Les lois antitrust sont des instruments législatifs visant à préserver la concurrence en empêchant les entreprises d’adopter de tels comportements anticoncurrentiels, notamment les abus de position dominante et les accords restrictifs de marché. Elles constituent un cadre juridique destiné à limiter la concentration excessive du pouvoir économique et à garantir un fonctionnement efficace des marchés en empêchant la constitution de monopoles abusifs ou de cartels et en interdisant les ententes secrètes entre entreprises visant à fixer les prix ou se partager le marché.
À cette fin, les fusions et acquisitions sont surveillées par les états pour éviter la domination d’un acteur unique ; des prix justes sont garantis et l’innovation est encouragée par le maintien d’une concurrence saine. En Europe, l’article 102 du Traité sur le fonctionnement de l’Union européenne interdit l’abus de position dominante. Aux États-Unis, la loi Sherman de 1890 est la première loi antitrust visant à interdire les monopoles et les pratiques anticoncurrentielles.

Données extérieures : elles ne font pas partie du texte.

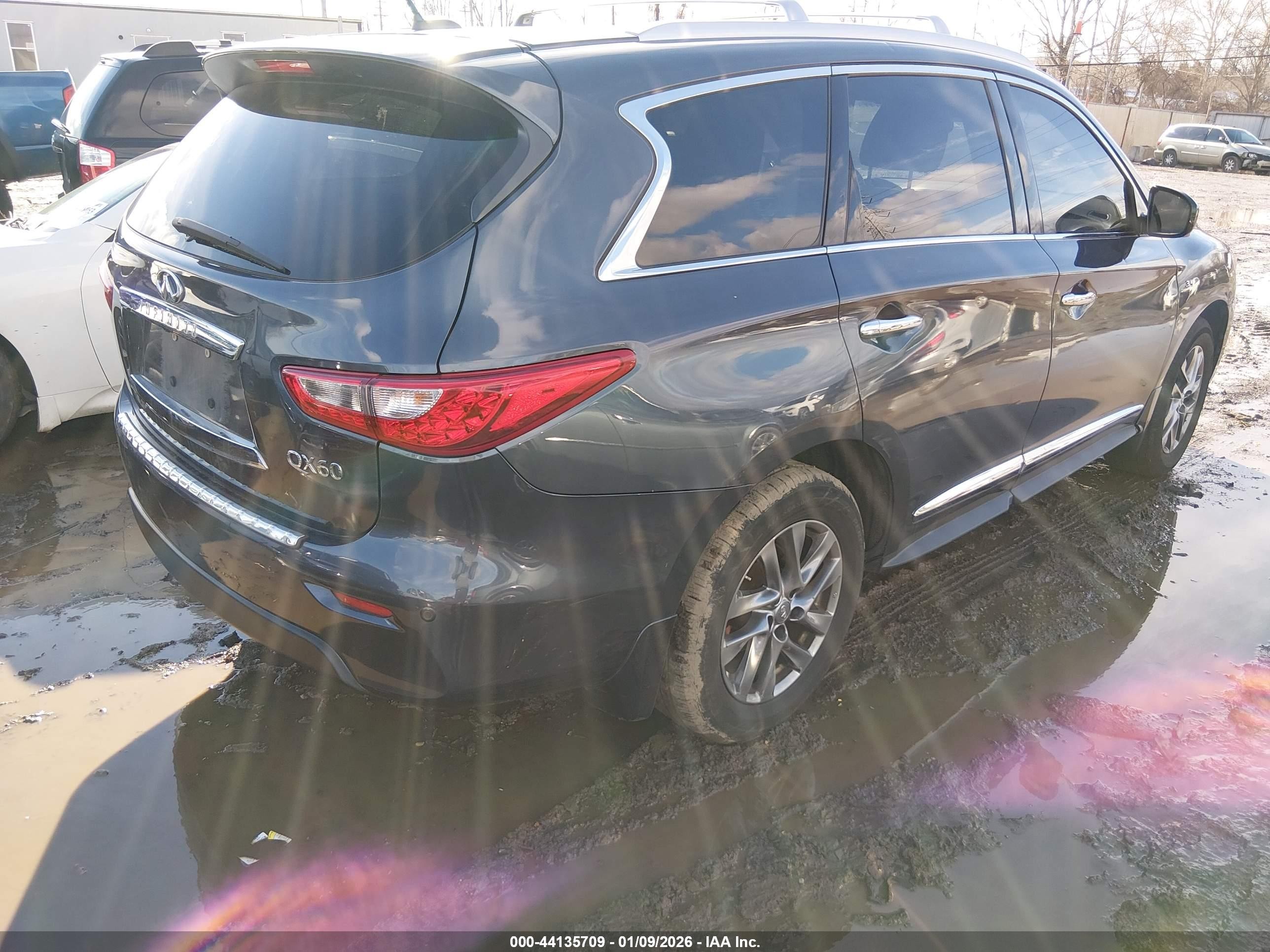 2014 Infiniti Qx60   Gray vin: 5N1AL0MMXEC523018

Accumulation d’accusations
Dans le cas de Google, l’accumulation des accusations tant en Europe qu’aux USA conduit la Commission Européenne à ouvrir une enquête pour abus de position dominante, dès 2010, sur la base de 18 plaintes officielles. Depuis cette date, l’Union européenne a mené plusieurs enquêtes antitrust contre Google, aboutissant à des amendes dépassant les 8 milliards d’euros. Ces enquêtes ont porté sur divers services, notamment Google Shopping, le système d’exploitation Android et Google AdSense.

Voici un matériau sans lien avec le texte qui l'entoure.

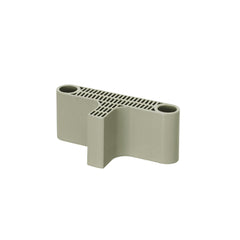 Tiili Candleholder in green, designed by Xavier Mañosa for Artek. Suitable for two candles. Each piece is unique, cut and finished by hand from machine-extruded clay, then dried, fired, and glazed. 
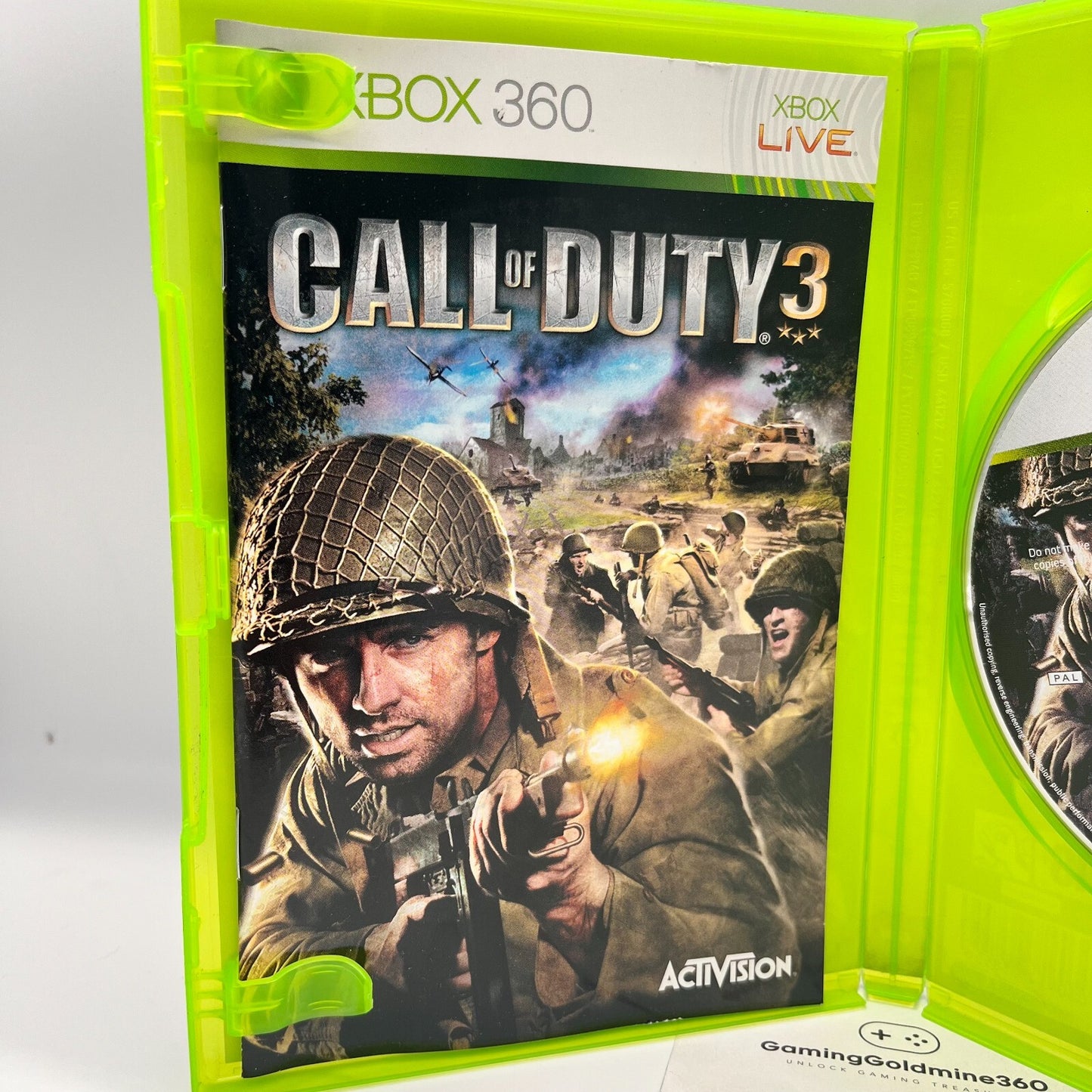 Call of Duty 3 Xbox 360 Italiano Completo con Manuale PAL Activision Microsoft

En 2020, l’UE a également lancé une enquête approfondie sur les pratiques publicitaires de Google. En 2021, c’est au tour de la France d’infliger 220 millions d’euros d’amende à Google pour abus de position dominante. En mars 2025, l’Union européenne a intensifié son application des règles antitrust en vertu du Digital Markets Act (DMA), ciblant des entreprises comme Google pour avoir prétendument favorisé leurs propres services au détriment de ceux de leur concurrence.

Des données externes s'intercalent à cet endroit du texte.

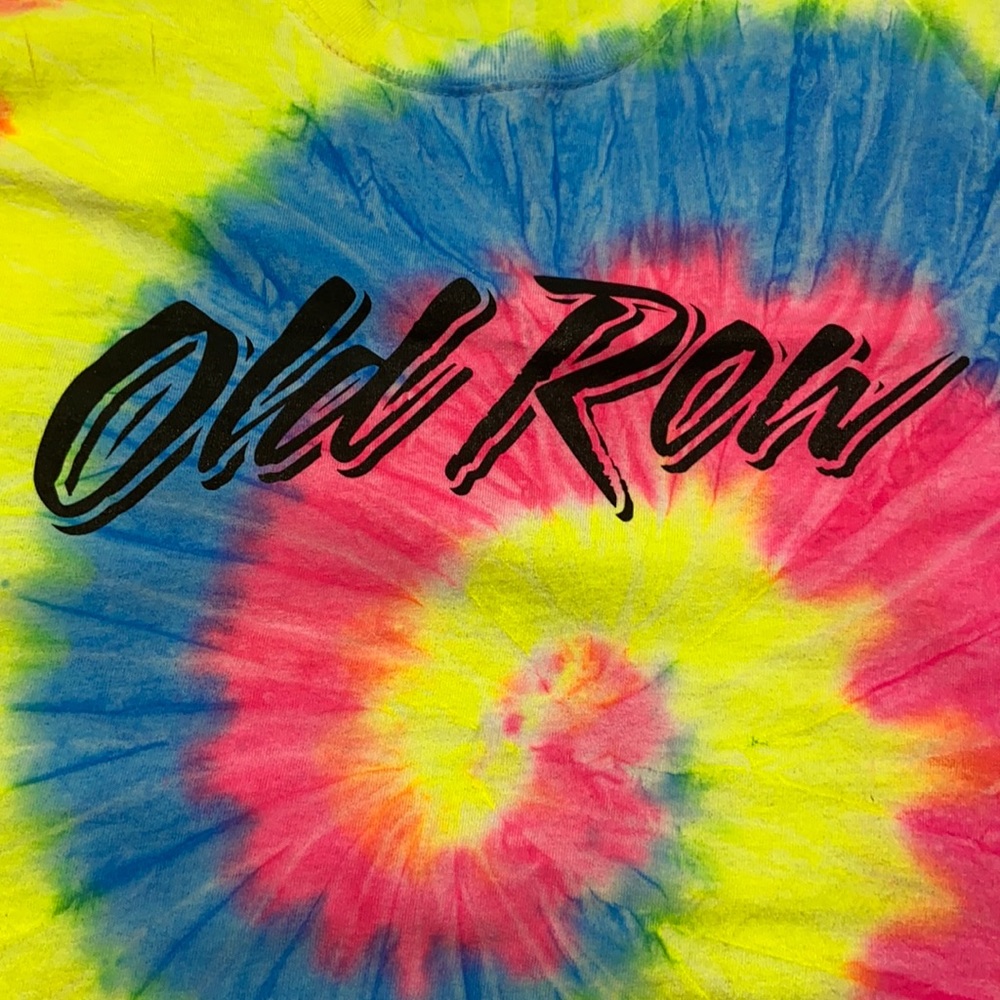Old Row Tie dye T-SHIRT. X-Large. Worn One Time. Port & Company.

Aux États-Unis, le département de la justice (DOJ) a intenté plusieurs actions en justice contre Google. En octobre 2020, il a engagé une action pour monopolisation illégale du marché des moteurs de recherche. En janvier 2023, une autre action est entamée contre la monopolisation illégale du marché de la technologie publicitaire. Le procès a débuté le 9 septembre 2024 et s’est conclu le 27 septembre. Les arguments finaux ont été présentés le 25 novembre 2024.
Verdict attendu
Bien que la juge fédérale Leonie Brinkema ait indiqué qu’elle rendrait sa décision dans un délai court, le verdict est toujours attendu. Par ailleurs, en mars 2025, Google a accepté de payer 100 millions de dollars pour régler un recours collectif aux USA intenté en 2011, accusant l’entreprise de surfacturer les annonceurs en ne fournissant pas les remises promises et en facturant des clics publicitaires en dehors des zones géographiques ciblées.
Ces actions ne se limitent pas aux pays occidentaux. Ainsi, en 2022, la Corée du Sud (30 millions de dollars) puis l’Inde (160 millions de dollars) attaquent également Google pour abus de position dominante. Ces poursuites reflètent une volonté accrue des autorités européennes et américaines, entre autres, de réguler les pratiques des grandes entreprises technologiques. Les règlements financiers, bien que substantiels, représentent toutefois une petite fraction des revenus de Google. Mais ils signalent une tendance croissante des annonceurs et des régulateurs à contester les pratiques commerciales de l’entreprise.